Chrysanthemum Room: Kindergarten


Each day there is a whole group discussion and individual practice followed by a reflection. The individual practice time is called The Daily 5.  The theory behind The Daily 5 is that everyday children should be practicing reading to themselves, reading to others, working with words, working on writing, and listening to reading. We will focus on four of these in Kindergarten. (It is unlikely that we will practice reading to a friend this year). This Daily 5 time will give time for guided reading groups and individual conferences.


CAFÉ Menu & The Daily 5

Research shows that good readers use a variety of strategies when successfully reading and comprehending a selection of text. The strategies are categorized into a menu called CAFE, which is an acronym that stands for Comprehension (I understand what I read), Accuracy (I can read the words), Fluency (I can read accurately with expression and understanding) and Expanding Vocabulary (I know, use, and find interesting words). The menu allows the students to find a strategy that fits the child's specific need while reading.


Mini Lessons & Read-Alouds

In addition to the reading strategies we learn during read-alouds, we cover theme, characters, setting, problem/solution, beginning, middle, and end, and main character, author, etc. We also use this whole group time to introduce letters, words, and poems. 


Each day during morning meeting we read a morning message and work on word identification. We also work on number sequence and identification during our calendar work each day.


Math Lab

Our Math Lab is a hands-on and problem-solving experience for the children. We teach math concepts using games, journaling, and creating concrete models. We encourage children to explain their thinking by asking “Why?”, “How did you know?”, and “What do you notice?”

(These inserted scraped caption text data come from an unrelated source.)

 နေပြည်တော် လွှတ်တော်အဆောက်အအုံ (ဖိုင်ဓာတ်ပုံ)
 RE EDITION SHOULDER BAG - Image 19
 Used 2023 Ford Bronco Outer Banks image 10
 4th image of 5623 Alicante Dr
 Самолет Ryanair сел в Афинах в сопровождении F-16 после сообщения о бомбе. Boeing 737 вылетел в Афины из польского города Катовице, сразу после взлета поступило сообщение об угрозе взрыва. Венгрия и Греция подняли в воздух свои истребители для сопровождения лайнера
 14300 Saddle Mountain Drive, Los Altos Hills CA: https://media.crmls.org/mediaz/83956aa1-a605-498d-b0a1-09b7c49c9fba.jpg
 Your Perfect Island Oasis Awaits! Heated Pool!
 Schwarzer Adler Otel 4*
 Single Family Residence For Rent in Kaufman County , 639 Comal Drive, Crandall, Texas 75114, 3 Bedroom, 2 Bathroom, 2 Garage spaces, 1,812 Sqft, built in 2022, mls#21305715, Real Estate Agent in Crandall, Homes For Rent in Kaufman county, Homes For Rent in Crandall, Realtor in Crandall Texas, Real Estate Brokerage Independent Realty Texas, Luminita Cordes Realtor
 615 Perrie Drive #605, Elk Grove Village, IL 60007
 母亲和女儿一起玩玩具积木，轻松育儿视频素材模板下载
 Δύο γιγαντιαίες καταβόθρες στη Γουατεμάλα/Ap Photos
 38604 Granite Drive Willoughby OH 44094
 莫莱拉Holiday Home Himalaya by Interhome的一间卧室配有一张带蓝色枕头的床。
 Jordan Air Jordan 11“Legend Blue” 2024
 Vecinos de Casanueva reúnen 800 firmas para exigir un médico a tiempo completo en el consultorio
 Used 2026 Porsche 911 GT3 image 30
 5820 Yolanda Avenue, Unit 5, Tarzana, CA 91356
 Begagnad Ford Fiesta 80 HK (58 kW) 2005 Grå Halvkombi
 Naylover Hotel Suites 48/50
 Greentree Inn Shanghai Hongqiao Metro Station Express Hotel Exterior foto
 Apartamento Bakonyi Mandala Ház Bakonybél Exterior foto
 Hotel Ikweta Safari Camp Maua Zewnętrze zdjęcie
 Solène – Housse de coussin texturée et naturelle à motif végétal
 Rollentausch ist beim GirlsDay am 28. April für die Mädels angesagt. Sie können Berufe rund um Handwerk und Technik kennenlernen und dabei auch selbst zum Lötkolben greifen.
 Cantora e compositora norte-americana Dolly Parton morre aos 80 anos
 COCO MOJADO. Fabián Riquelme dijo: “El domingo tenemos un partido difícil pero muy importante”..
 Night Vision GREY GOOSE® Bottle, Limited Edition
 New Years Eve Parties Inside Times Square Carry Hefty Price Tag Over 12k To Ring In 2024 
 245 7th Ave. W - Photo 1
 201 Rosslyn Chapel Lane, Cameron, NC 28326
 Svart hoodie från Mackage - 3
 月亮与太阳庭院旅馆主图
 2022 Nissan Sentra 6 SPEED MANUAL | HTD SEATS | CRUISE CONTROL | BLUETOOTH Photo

Each Math Lab we have a mini-lesson where children problem solve about a current topic or review a prior concept.  They apply their learning in an abstract or representational manner rather concretely as we use in class. Next there is a whole group discussion and individual practice followed by a reflection. Some days, students have math choice time, similar to Literacy. Choices include games and activities, which are organized into math concepts in order to review concepts we may have learned previously, are learning now, or will learn in the future. This choice time will give time for guided math groups.  The groups will emphasize different skills we are studying or have studied. They will provide extra instruction and/or challenge as needed.


Tentative Topics we will cover:

  •  Exploring Patterns
  •  Developing Number Sense
  •  Exploring Data
  •  Exploring Geometry (2-d and 3-d Shape identification and attributes)
  •  Counting & the Number System
  •  Exploring Measurement


Writer’s Workshop

For Writer’s Workshop, we are using a program created specifically to follow the new Common Core Standards.  The program will work through the genres of narrative, expository, and persuasive writing.  In kindergarten it is appropriate for students to use their best guess spelling. It is common that they will miss the vowel sounds and digraphs are tricky.  As they learn writing and sentence patterns, they may begin to over-generalize. Let them experiment with spelling with little correction, however, help them when they get to sight words. We introduce 2 new sight words each week. Having a self-created word journal will be a helpful resource for them as the year progresses.



Our handwriting curriculum follows Handwriting Without Tears, which systematically introduces letter formation. First students learn how to write capital letters, beginning with Frog Jump Capitals , and then progress to lowercase.  As students advance through the curriculum, we only hold students accountable for the letters we have learned.  For example, we will not begin learning how to form lowercase letters until halfway through the year; therefore, we accept capitals throughout the sentence not just at the beginning.